* Your assignment: Find the line containing "South Asian woman" in the records below. Copy exactly that line and each one after it, ending at the line containing "數媒系碩士生洪梓晏（右）以「", and nothing more.

___ Available data ___

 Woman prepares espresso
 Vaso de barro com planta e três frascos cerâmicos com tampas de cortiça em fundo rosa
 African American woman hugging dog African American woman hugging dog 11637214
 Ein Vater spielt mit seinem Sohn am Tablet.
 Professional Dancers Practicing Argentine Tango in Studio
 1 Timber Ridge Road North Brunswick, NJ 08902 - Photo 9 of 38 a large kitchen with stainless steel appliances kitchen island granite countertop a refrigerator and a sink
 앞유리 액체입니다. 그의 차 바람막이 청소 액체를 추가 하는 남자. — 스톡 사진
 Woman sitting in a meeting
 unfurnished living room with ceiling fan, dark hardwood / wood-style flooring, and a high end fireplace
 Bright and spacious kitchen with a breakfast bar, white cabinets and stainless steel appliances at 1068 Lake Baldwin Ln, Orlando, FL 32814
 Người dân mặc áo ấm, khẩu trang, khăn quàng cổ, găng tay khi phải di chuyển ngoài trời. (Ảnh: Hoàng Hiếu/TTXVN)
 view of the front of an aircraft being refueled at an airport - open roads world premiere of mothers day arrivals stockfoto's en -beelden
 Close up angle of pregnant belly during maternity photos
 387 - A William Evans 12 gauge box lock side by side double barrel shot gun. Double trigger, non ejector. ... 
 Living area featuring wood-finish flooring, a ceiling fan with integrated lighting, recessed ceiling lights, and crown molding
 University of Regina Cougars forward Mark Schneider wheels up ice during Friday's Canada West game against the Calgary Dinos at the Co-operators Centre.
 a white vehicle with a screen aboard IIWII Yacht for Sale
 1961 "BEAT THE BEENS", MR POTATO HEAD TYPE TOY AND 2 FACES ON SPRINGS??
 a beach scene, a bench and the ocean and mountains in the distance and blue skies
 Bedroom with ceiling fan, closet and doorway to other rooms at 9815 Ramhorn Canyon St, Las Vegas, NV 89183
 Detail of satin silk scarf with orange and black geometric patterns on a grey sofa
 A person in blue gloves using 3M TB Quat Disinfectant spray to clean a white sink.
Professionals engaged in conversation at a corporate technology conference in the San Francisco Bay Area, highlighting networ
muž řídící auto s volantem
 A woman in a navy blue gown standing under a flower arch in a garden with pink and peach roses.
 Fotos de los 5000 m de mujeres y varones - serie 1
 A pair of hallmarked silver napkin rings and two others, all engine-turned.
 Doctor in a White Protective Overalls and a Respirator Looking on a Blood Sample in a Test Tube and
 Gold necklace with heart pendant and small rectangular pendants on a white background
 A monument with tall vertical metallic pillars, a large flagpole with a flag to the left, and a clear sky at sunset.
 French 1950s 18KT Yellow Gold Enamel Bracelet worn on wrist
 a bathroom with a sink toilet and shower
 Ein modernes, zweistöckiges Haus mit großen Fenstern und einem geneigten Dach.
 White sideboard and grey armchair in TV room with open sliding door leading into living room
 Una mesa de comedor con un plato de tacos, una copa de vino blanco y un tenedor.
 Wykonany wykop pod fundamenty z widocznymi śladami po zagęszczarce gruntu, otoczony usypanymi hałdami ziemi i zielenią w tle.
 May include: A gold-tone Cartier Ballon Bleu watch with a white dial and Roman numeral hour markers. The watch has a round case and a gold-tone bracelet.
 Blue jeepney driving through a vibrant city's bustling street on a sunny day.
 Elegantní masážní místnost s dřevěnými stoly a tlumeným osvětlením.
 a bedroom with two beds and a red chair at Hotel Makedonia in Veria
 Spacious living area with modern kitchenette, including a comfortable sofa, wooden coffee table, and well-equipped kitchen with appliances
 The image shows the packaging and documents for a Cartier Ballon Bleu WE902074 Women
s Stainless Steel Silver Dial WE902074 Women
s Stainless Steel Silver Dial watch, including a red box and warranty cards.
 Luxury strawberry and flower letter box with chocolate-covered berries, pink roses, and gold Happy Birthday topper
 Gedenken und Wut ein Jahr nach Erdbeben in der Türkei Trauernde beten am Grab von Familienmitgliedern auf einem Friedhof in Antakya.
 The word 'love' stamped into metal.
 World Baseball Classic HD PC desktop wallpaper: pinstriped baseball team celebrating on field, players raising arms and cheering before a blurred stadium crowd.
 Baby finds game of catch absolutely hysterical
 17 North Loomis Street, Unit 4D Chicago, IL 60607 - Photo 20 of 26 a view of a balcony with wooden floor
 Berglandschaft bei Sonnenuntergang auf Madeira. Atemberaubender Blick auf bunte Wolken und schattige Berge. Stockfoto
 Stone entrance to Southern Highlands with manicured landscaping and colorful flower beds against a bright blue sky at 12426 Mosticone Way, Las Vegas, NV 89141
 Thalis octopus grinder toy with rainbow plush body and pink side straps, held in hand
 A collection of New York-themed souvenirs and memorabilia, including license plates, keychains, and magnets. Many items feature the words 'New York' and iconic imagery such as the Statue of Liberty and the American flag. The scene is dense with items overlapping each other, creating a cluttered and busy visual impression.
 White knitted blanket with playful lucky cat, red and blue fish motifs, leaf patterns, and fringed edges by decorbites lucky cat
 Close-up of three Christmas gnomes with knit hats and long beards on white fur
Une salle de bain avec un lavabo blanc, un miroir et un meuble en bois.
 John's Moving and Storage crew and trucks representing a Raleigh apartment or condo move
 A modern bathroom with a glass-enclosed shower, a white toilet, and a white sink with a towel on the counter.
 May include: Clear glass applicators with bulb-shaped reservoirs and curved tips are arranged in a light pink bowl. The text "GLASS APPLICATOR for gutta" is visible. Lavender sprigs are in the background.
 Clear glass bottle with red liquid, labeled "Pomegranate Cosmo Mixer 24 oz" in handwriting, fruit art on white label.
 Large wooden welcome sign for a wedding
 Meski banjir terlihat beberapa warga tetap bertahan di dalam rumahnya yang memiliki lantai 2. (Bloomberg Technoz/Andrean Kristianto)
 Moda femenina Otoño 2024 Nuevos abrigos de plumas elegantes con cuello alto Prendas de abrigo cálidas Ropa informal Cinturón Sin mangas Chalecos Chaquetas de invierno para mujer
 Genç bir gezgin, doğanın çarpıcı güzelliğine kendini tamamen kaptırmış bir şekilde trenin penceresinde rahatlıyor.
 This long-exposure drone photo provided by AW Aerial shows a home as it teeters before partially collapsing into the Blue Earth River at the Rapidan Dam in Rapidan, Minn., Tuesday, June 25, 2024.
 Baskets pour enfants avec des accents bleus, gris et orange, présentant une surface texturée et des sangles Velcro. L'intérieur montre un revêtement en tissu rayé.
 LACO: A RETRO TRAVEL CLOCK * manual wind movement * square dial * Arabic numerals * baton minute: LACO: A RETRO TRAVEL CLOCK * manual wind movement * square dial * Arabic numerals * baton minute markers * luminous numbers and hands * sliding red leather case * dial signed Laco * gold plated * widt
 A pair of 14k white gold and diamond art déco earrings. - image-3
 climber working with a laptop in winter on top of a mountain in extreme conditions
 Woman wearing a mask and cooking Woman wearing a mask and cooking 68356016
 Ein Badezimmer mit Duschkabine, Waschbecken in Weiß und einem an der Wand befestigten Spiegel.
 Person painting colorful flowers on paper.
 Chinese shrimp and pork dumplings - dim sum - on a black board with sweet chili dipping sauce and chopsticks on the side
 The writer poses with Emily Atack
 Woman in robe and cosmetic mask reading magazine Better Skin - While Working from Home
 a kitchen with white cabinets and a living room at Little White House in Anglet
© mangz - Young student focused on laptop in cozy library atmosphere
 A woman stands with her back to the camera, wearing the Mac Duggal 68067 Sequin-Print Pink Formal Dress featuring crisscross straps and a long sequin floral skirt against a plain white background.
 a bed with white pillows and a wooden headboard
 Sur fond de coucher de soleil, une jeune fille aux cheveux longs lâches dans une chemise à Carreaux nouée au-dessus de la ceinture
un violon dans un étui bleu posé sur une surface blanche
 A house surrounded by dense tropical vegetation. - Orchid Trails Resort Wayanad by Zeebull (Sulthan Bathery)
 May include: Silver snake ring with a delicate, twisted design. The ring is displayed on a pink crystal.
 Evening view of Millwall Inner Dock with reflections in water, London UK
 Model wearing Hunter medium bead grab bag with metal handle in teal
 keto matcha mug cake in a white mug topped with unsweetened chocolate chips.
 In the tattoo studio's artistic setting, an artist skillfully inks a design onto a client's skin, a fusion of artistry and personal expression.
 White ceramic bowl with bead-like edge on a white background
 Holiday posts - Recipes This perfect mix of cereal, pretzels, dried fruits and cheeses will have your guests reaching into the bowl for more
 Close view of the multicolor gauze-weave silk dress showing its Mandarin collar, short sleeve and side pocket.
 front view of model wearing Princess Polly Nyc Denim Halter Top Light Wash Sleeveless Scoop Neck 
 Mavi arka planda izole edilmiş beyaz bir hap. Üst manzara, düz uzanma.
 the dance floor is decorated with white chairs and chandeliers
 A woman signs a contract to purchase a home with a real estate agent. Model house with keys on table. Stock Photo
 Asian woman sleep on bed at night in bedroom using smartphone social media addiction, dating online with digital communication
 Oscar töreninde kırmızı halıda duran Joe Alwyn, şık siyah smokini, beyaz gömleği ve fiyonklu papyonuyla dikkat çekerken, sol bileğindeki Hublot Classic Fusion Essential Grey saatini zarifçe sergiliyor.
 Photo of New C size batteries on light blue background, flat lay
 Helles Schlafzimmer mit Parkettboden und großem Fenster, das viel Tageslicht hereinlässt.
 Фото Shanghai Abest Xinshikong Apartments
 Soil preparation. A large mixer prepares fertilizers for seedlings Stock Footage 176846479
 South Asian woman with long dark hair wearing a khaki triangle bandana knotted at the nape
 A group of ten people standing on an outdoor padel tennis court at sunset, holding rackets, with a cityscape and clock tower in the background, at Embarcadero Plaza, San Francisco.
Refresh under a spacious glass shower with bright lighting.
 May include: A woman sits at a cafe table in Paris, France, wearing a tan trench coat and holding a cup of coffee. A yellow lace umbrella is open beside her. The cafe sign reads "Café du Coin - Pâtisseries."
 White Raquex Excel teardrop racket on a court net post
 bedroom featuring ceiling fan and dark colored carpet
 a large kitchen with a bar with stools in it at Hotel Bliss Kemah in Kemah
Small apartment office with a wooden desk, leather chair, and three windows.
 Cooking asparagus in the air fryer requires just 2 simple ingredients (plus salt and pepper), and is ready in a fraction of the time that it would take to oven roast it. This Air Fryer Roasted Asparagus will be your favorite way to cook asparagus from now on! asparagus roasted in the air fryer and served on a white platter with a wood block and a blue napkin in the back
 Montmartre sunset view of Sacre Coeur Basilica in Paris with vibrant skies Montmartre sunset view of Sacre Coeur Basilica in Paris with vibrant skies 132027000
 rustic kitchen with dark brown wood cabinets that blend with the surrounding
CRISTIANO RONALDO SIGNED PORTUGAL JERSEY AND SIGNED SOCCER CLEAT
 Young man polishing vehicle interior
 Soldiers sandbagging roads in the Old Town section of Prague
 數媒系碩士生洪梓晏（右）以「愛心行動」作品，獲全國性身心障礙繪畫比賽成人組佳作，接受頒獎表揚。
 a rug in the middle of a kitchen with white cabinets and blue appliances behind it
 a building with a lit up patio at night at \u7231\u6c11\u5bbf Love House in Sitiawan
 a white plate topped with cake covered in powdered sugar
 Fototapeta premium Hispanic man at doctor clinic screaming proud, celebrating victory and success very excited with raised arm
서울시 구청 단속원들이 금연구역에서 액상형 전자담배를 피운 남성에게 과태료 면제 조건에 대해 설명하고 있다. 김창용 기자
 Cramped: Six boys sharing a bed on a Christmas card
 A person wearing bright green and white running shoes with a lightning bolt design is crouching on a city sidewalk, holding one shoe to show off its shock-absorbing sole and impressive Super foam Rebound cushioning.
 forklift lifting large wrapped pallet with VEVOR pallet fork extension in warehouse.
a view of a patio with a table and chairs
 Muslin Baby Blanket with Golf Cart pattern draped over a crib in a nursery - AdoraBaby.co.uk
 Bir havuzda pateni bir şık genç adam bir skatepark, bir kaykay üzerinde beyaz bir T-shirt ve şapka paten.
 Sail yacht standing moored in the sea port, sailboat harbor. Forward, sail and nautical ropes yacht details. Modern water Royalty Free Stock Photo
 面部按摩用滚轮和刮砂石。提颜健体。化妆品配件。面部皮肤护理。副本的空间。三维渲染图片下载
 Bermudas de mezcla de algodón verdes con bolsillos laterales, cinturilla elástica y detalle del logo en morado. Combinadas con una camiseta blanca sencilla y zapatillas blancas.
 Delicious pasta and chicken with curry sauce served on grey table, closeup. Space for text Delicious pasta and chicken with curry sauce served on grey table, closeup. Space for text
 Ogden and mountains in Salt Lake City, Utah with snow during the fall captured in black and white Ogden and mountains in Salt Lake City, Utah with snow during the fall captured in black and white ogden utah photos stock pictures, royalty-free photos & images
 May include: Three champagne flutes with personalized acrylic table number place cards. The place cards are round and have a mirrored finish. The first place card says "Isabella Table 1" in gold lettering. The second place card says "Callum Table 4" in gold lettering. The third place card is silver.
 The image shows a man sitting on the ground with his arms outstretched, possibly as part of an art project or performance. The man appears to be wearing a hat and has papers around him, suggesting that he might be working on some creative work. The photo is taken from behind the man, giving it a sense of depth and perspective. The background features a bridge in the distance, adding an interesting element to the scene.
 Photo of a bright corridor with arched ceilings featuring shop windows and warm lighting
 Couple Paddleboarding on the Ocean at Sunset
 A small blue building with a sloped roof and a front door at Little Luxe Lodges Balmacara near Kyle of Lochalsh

___

* Exercise answer:
 South Asian woman with long dark hair wearing a khaki triangle bandana knotted at the nape
 A group of ten people standing on an outdoor padel tennis court at sunset, holding rackets, with a cityscape and clock tower in the background, at Embarcadero Plaza, San Francisco.
Refresh under a spacious glass shower with bright lighting.
 May include: A woman sits at a cafe table in Paris, France, wearing a tan trench coat and holding a cup of coffee. A yellow lace umbrella is open beside her. The cafe sign reads "Café du Coin - Pâtisseries."
 White Raquex Excel teardrop racket on a court net post
 bedroom featuring ceiling fan and dark colored carpet
 a large kitchen with a bar with stools in it at Hotel Bliss Kemah in Kemah
Small apartment office with a wooden desk, leather chair, and three windows.
 Cooking asparagus in the air fryer requires just 2 simple ingredients (plus salt and pepper), and is ready in a fraction of the time that it would take to oven roast it. This Air Fryer Roasted Asparagus will be your favorite way to cook asparagus from now on! asparagus roasted in the air fryer and served on a white platter with a wood block and a blue napkin in the back
 Montmartre sunset view of Sacre Coeur Basilica in Paris with vibrant skies Montmartre sunset view of Sacre Coeur Basilica in Paris with vibrant skies 132027000
 rustic kitchen with dark brown wood cabinets that blend with the surrounding
CRISTIANO RONALDO SIGNED PORTUGAL JERSEY AND SIGNED SOCCER CLEAT
 Young man polishing vehicle interior
 Soldiers sandbagging roads in the Old Town section of Prague
 數媒系碩士生洪梓晏（右）以「愛心行動」作品，獲全國性身心障礙繪畫比賽成人組佳作，接受頒獎表揚。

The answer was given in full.